▶ What you are asked to do
Once the line with "BustyDebbie webcam" is found in the entries below, repeat it and each following line exactly, up to and including the line with "757 Canyon Crest, Las Vegas, NV 89123". Add no other lines.

▶ Information
-.-.-
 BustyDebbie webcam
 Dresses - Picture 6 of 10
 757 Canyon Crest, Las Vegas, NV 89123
-.-.-
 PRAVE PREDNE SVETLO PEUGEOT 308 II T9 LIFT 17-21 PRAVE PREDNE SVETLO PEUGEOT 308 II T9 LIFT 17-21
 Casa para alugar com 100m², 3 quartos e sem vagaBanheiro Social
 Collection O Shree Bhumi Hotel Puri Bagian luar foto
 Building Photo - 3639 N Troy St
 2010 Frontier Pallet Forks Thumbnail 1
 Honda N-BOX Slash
-.-.-
▶ Result of this exercise
 BustyDebbie webcam
 Dresses - Picture 6 of 10
 757 Canyon Crest, Las Vegas, NV 89123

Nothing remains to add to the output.